5 Ways Women Entrepreneurs Can Overcome the Funding Gap
Grow Your Business, Not Your Inbox
From Facebook’s Sheryl Sandberg to General Motors’ Mary Barra, more and more women are earning top leadership positions.
It’s clear that women have come a long way since the Mad Men era. But, women still hold a mere 14.6 percent of executive officer positions. And this pattern continues with women entrepreneurs and small business owners, especially when it comes to raising capital. According to the "Kauffman Firm Survey," men start firms with nearly twice the capital that women do. On top of that, only 4.4 percent of the total dollar value of all small-business loans goes to women.
So why does the funding gap still plague women entrepreneurs today? It could be that women are more risk averse. When starting my business, I always took more calculated risks than blind leaps of faith and funding seemed chancey. Asking for money is also a touchy subject that never feels comfortable. Women could also fear that committing to funding cycles will take time away from family.
Despite the hurdles widening the funding gap, every entrepreneur needs capital to sustain a business. As a woman entrepreneur, don’t let these start statistics deter you from actively seeking funding.
Here are five tips for getting the funding you need to succeed:
1. Broaden your funding horizons.
Raising capital doesn’t always have to be in the form of venture capital or equity financing. There are many wonderful options out there, including bank loans, crowdfunding, lines of credit and Small Business Administration loans. Educate yourself on the variety of available funding sources to find out which one suits your needs best.
2. Network with others.
Entrepreneurs who build a strong network have a greater amount of resources and insight into funding opportunities. There are many women networking organizations, such as Ellevate, that support business growth, provide financial advice and offer mentorship opportunities. Make a concerted effort to connect with powerful businesswomen, and if you’re in a position to mentor somebody else, step up and do it.
3. Get involved.
You can (and should) be an advocate for the change you want to see in the business landscape. As you search for funding opportunities, support other women and any initiatives that advocate women in business.
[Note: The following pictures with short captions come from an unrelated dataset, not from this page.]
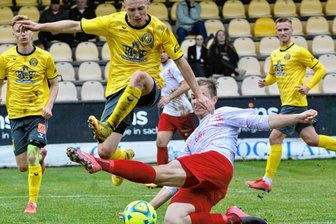 Köhler-Elf schafft keine Trendwende - Der VfB Auerbach (Bildmitte Fabien Bochmann) kam auch im Heimspiel gegen Einheit Wernigerode ins Stolpern. Am Ende stand eine 1:3-Niederlage.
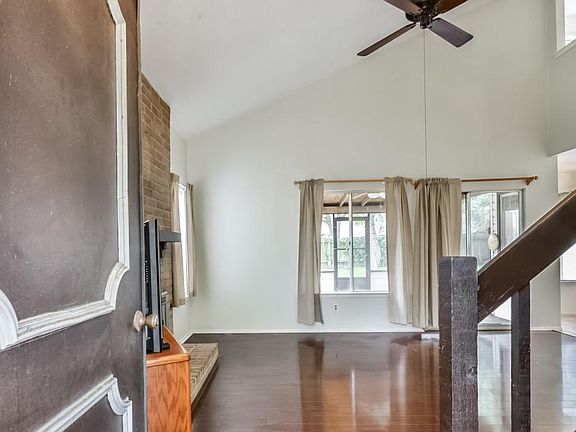 4th image of 7511 Arista Dr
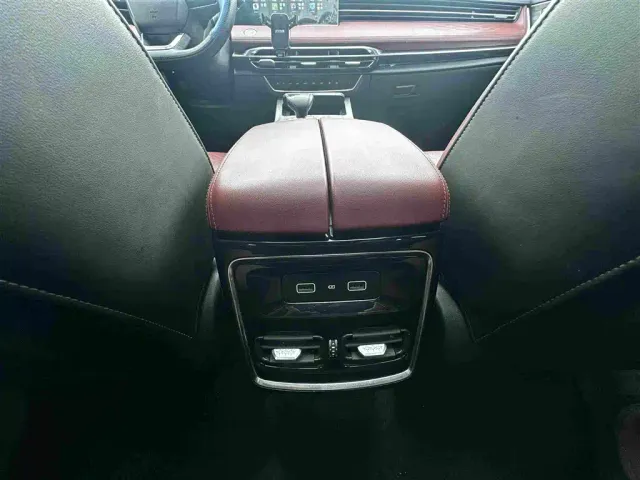 Jetour X70 Plus — Фото автомобиля 16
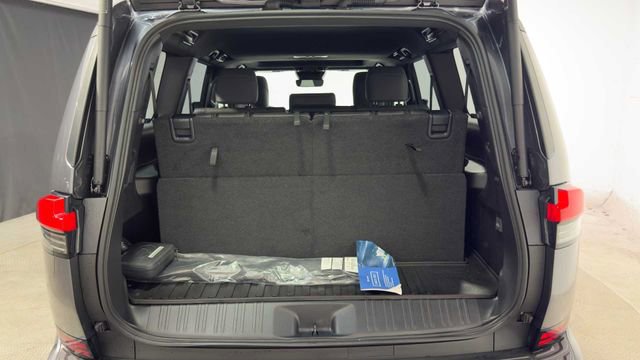 Used 2025 Lexus GX 550 550 Premium w/ Accessory Package (2T) image 38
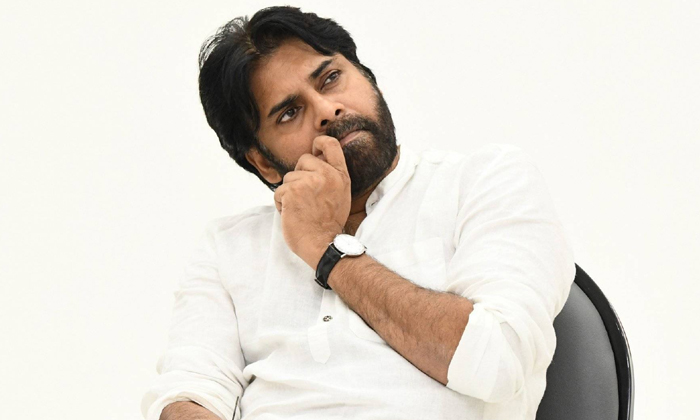  Pawan Kalyan, Vakeel Saab, Pawan Entry, Venu Sriram-TeluguStop.com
For example, Sen. Maria Cantwell and the Committee on Small Business and Entrepreneurship recently introduced the Women’s Small Business Ownership Act of 2014. This legislation deserves a round of applause for increasing access to lending as well as business counseling and training for businesswomen.
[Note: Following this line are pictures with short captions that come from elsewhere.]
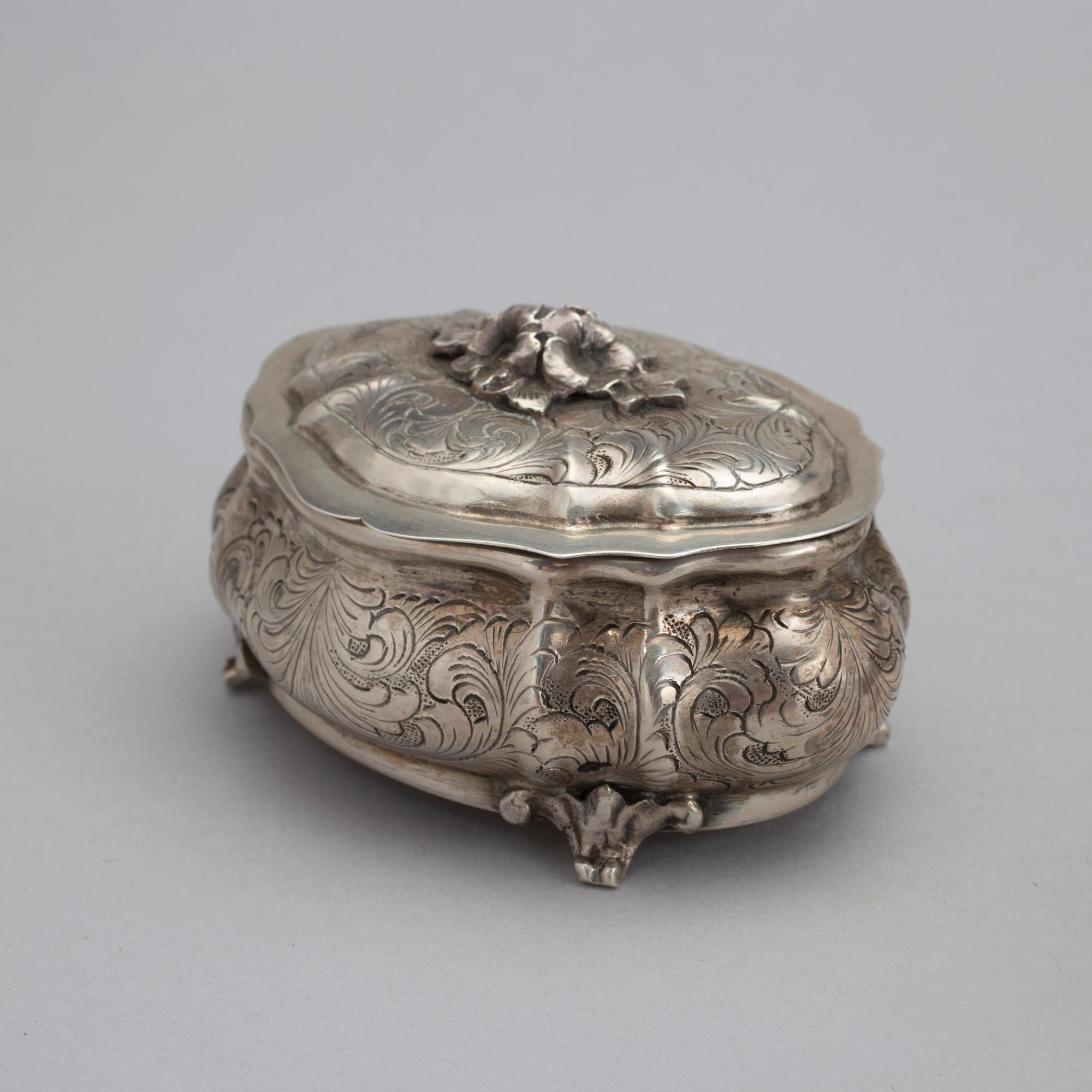 Six silver boxes including a pair of boxes by K A Anderson, Stockholm, 1927. Weigth ca 534 grams.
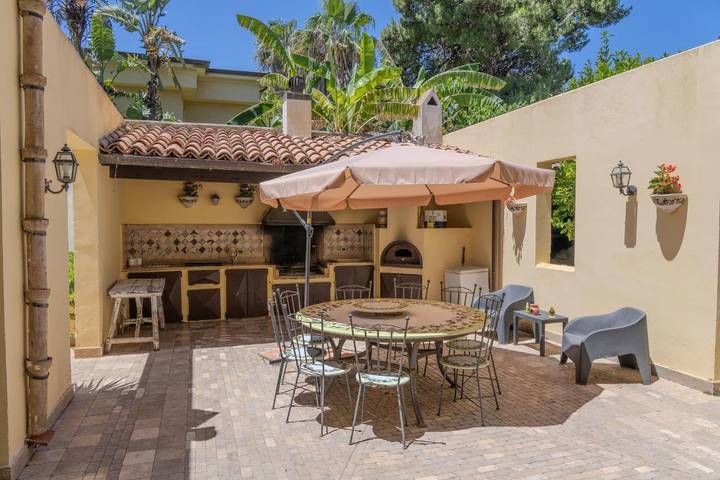 Villa mit pool für 15 Personen, mit Garten und Whirlpool sowie Pool, mit Haustier in Palermo - 4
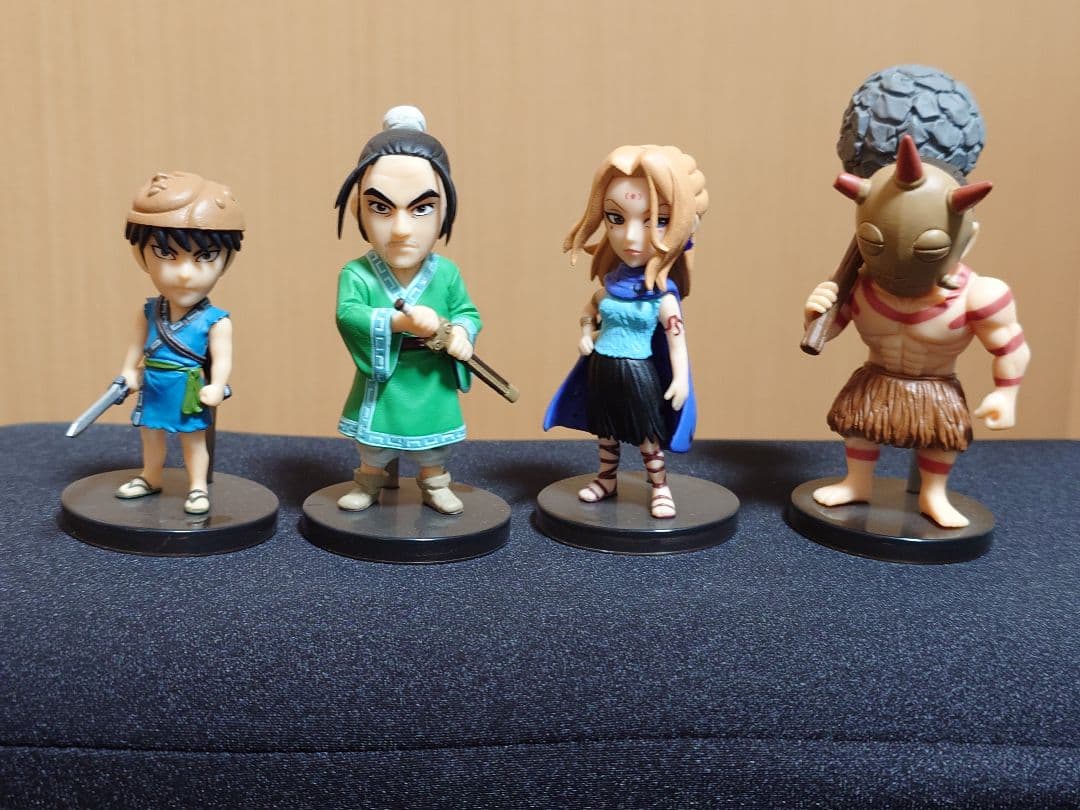 キングダム ワールドコレクタブルフィギュアセット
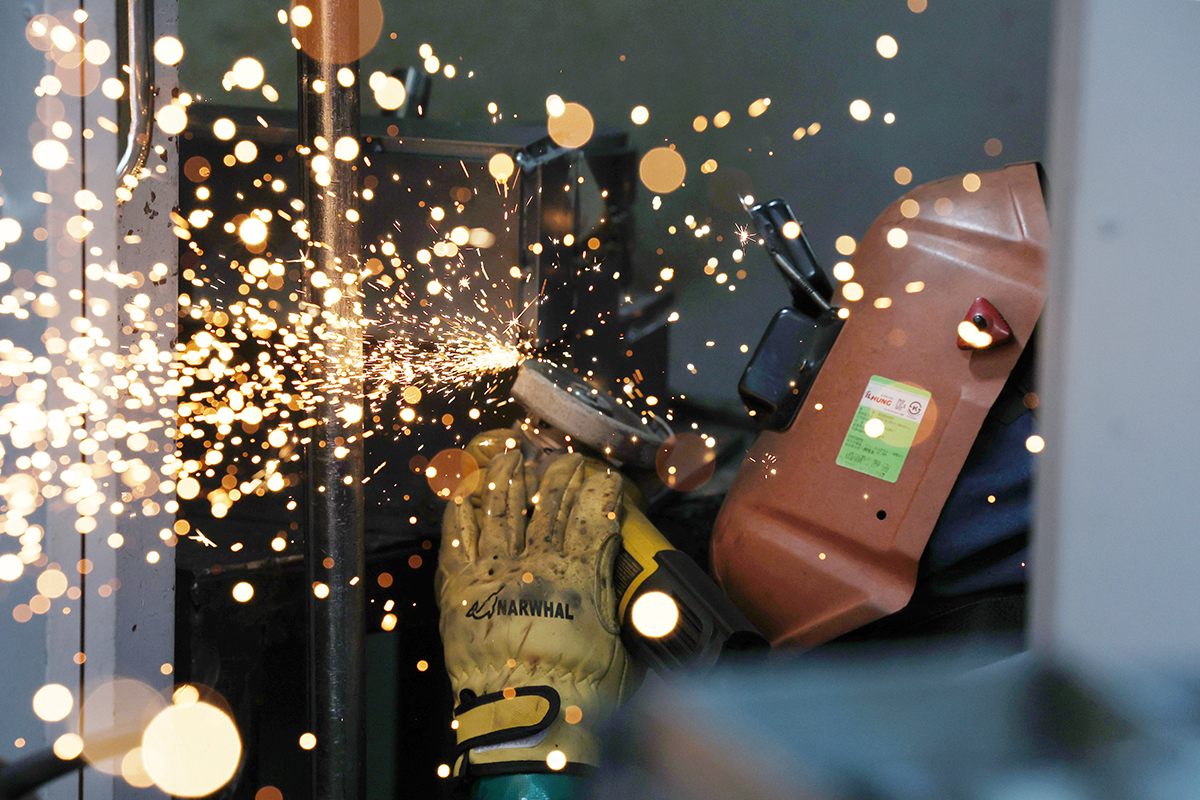 A welding contestant at the Seoul Skills Competition on April 7 performs a task at Seoul Technical High School in Seoul's Dongjak-gu District.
4. Seek corporate and government support.
Don’t let large corporations intimidate you. Big-name players, such as American Express, are now creating support programs for women entrepreneurs by providing useful content, forums and even boot camps. The government also sets aside contracts and funds for minority-owned, veteran-owned and women-owned businesses. There are countless opportunities: You just need to take the plunge.
5. Don’t hold yourself back.
Sheryl Sandberg, chief operating officer of Facebook, is famous for promoting self-confidence in women. According to Sandberg, women leaders often get in their own way by underestimating their abilities and goals. Being cautious can pay off in some areas of business, but when it comes to raising capital, you need to approach funding sources with a winning attitude.
Accessing capital is paramount for any growing company. By facing the funding gap head-on and taking advantage of the resources and mentors available, you can overcome this hurdle and secure the funding your business deserves.